# What is required:
Exclude every picture and return the remaining entries below verbatim.

# Data for this exercise:
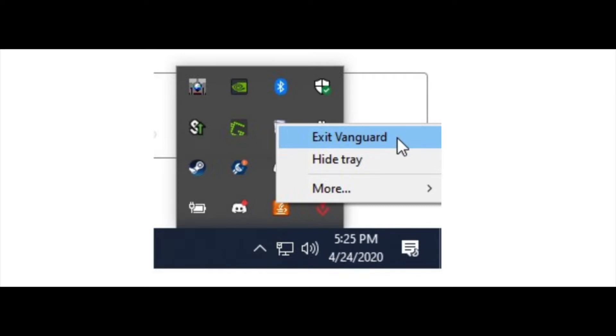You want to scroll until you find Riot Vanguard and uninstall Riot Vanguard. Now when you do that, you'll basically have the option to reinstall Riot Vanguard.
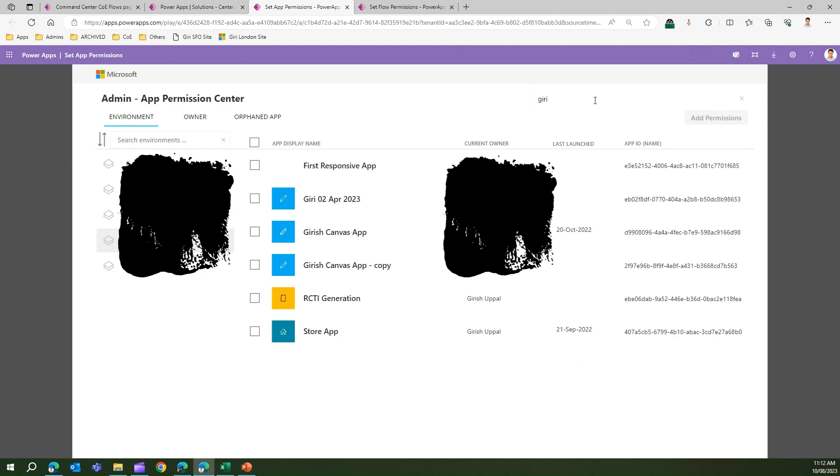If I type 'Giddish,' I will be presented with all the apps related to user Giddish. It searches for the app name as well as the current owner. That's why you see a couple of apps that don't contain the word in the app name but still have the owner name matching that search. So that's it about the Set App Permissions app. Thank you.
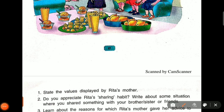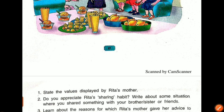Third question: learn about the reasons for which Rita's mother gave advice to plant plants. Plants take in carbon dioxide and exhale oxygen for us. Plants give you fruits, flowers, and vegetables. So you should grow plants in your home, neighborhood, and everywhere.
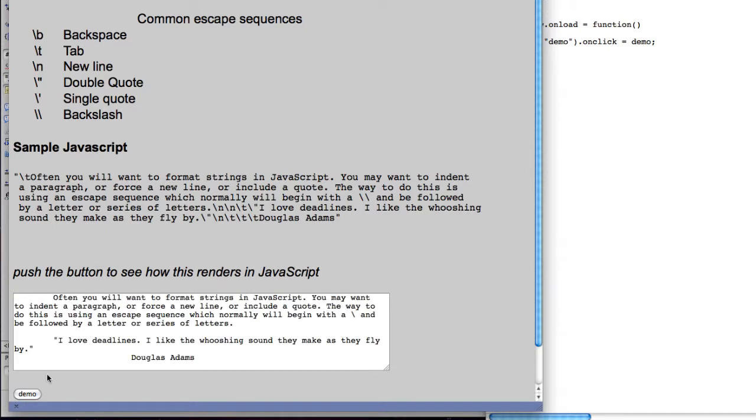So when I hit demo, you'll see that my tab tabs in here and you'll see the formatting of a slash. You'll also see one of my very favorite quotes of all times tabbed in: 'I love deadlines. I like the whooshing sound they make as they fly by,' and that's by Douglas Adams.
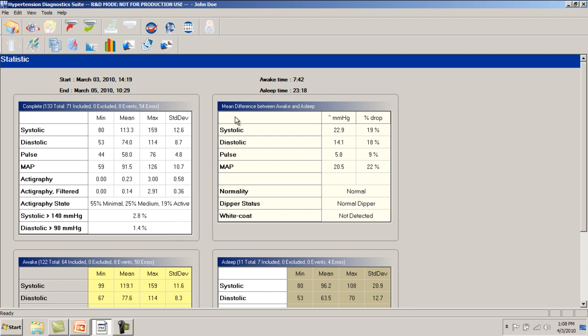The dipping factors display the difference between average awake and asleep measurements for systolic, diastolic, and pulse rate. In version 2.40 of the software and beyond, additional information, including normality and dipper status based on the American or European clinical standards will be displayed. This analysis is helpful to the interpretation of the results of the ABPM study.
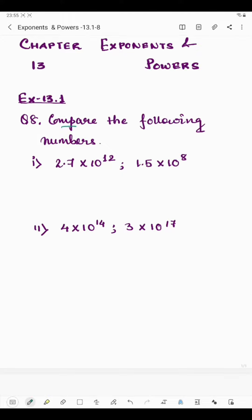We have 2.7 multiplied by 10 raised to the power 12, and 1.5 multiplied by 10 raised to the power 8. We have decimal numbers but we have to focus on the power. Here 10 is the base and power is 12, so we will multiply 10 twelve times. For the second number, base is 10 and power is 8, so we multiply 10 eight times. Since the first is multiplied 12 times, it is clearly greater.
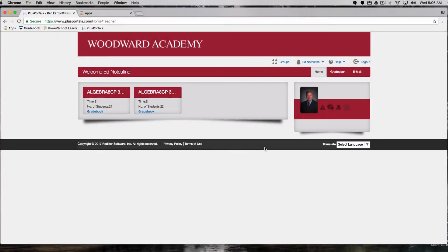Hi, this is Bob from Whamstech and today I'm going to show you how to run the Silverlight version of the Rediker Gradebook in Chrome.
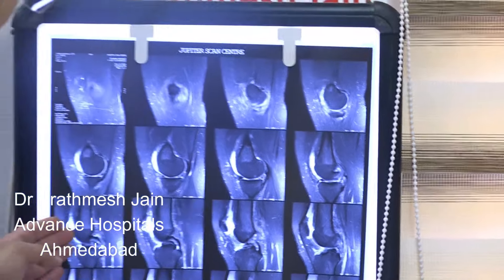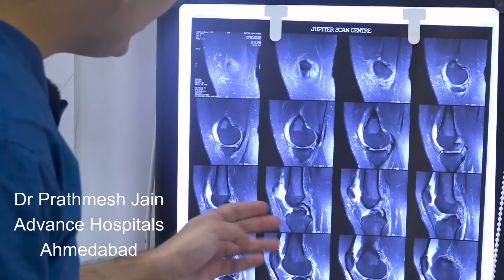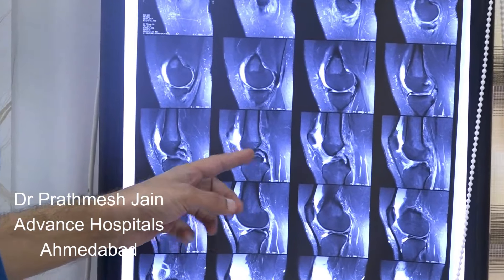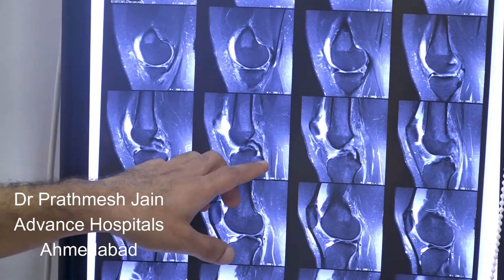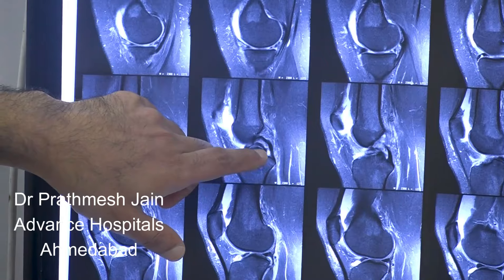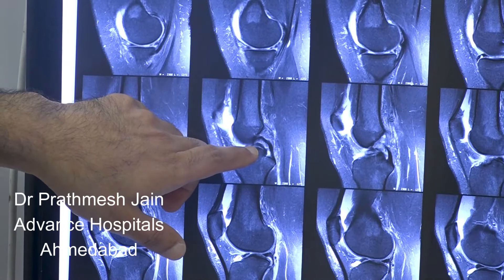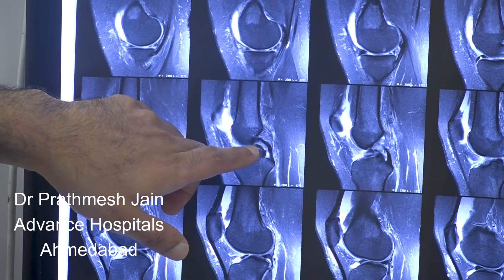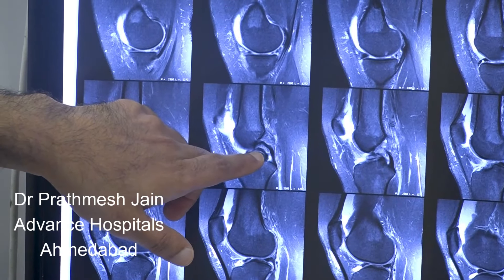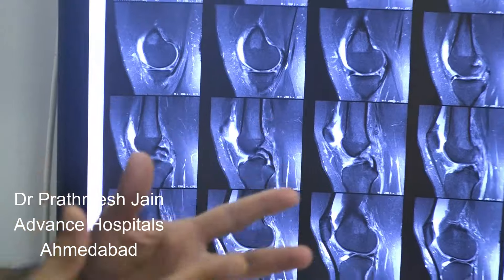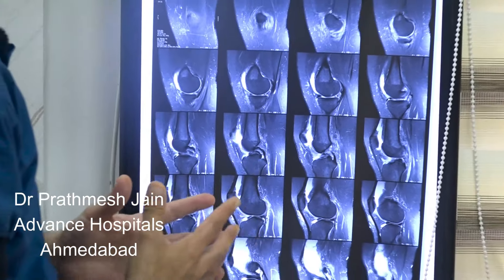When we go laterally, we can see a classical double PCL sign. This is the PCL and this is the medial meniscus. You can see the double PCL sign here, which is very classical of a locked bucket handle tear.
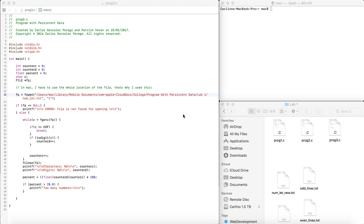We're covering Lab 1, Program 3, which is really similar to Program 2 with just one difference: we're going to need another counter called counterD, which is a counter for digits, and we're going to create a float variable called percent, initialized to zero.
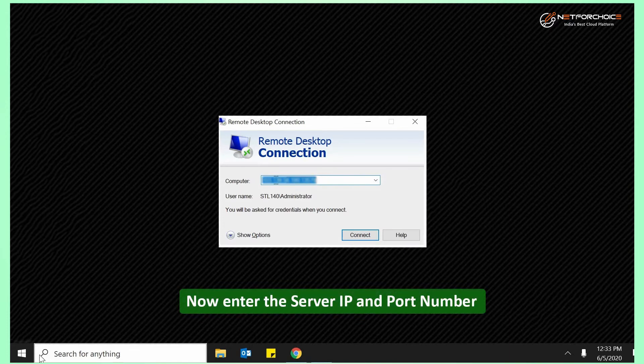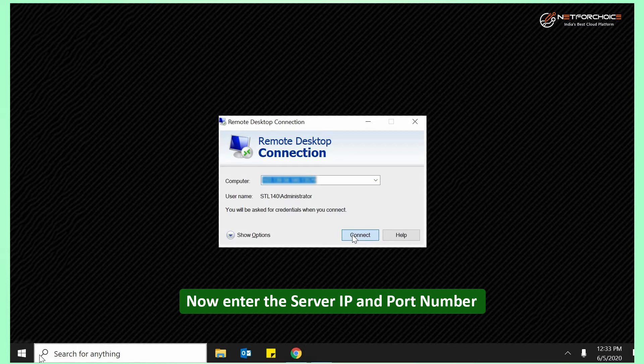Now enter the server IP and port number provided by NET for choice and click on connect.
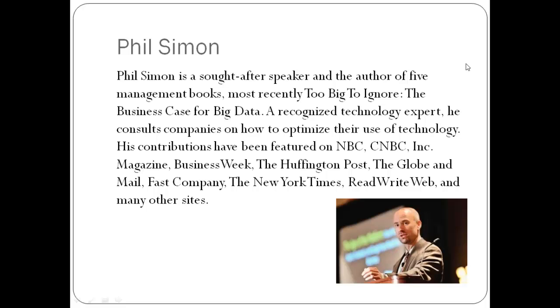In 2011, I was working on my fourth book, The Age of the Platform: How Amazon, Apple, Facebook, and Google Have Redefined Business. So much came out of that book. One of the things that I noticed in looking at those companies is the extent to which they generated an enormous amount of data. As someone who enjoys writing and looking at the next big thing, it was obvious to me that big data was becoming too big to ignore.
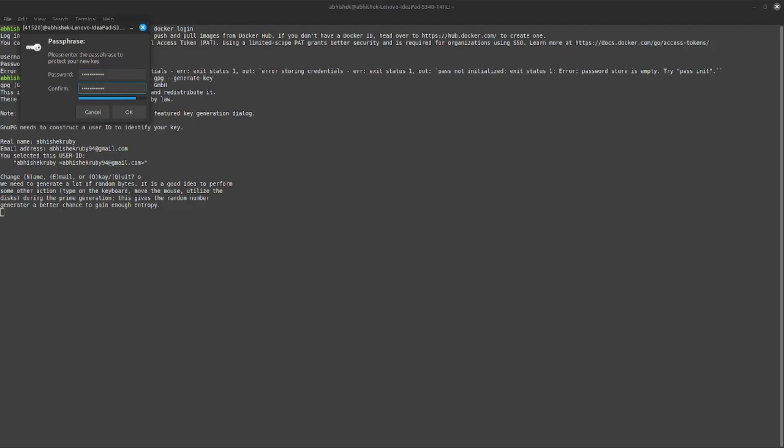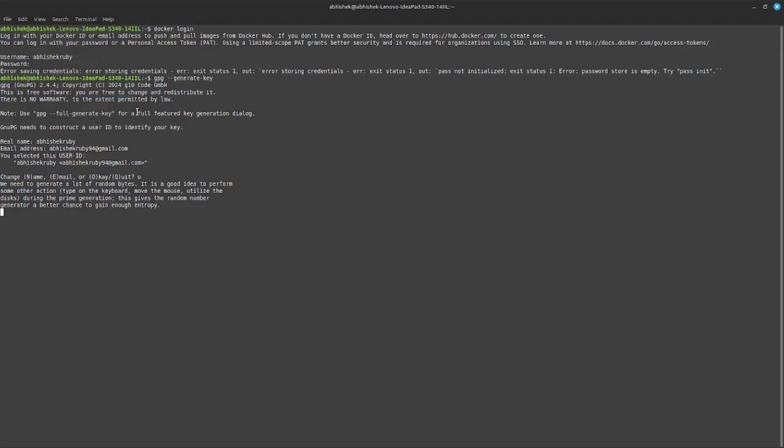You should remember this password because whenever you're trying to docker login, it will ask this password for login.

# Exercise result:
You want to scroll until you find Riot Vanguard and uninstall Riot Vanguard. Now when you do that, you'll basically have the option to reinstall Riot Vanguard.
If I type 'Giddish,' I will be presented with all the apps related to user Giddish. It searches for the app name as well as the current owner. That's why you see a couple of apps that don't contain the word in the app name but still have the owner name matching that search. So that's it about the Set App Permissions app. Thank you.
Third question: learn about the reasons for which Rita's mother gave advice to plant plants. Plants take in carbon dioxide and exhale oxygen for us. Plants give you fruits, flowers, and vegetables. So you should grow plants in your home, neighborhood, and everywhere.
So when I hit demo, you'll see that my tab tabs in here and you'll see the formatting of a slash. You'll also see one of my very favorite quotes of all times tabbed in: 'I love deadlines. I like the whooshing sound they make as they fly by,' and that's by Douglas Adams.
The dipping factors display the difference between average awake and asleep measurements for systolic, diastolic, and pulse rate. In version 2.40 of the software and beyond, additional information, including normality and dipper status based on the American or European clinical standards will be displayed. This analysis is helpful to the interpretation of the results of the ABPM study.
We have 2.7 multiplied by 10 raised to the power 12, and 1.5 multiplied by 10 raised to the power 8. We have decimal numbers but we have to focus on the power. Here 10 is the base and power is 12, so we will multiply 10 twelve times. For the second number, base is 10 and power is 8, so we multiply 10 eight times. Since the first is multiplied 12 times, it is clearly greater.
Hi, this is Bob from Whamstech and today I'm going to show you how to run the Silverlight version of the Rediker Gradebook in Chrome.
When we go laterally, we can see a classical double PCL sign. This is the PCL and this is the medial meniscus. You can see the double PCL sign here, which is very classical of a locked bucket handle tear.
We're covering Lab 1, Program 3, which is really similar to Program 2 with just one difference: we're going to need another counter called counterD, which is a counter for digits, and we're going to create a float variable called percent, initialized to zero.
Now enter the server IP and port number provided by NET for choice and click on connect.
In 2011, I was working on my fourth book, The Age of the Platform: How Amazon, Apple, Facebook, and Google Have Redefined Business. So much came out of that book. One of the things that I noticed in looking at those companies is the extent to which they generated an enormous amount of data. As someone who enjoys writing and looking at the next big thing, it was obvious to me that big data was becoming too big to ignore.
You should remember this password because whenever you're trying to docker login, it will ask this password for login.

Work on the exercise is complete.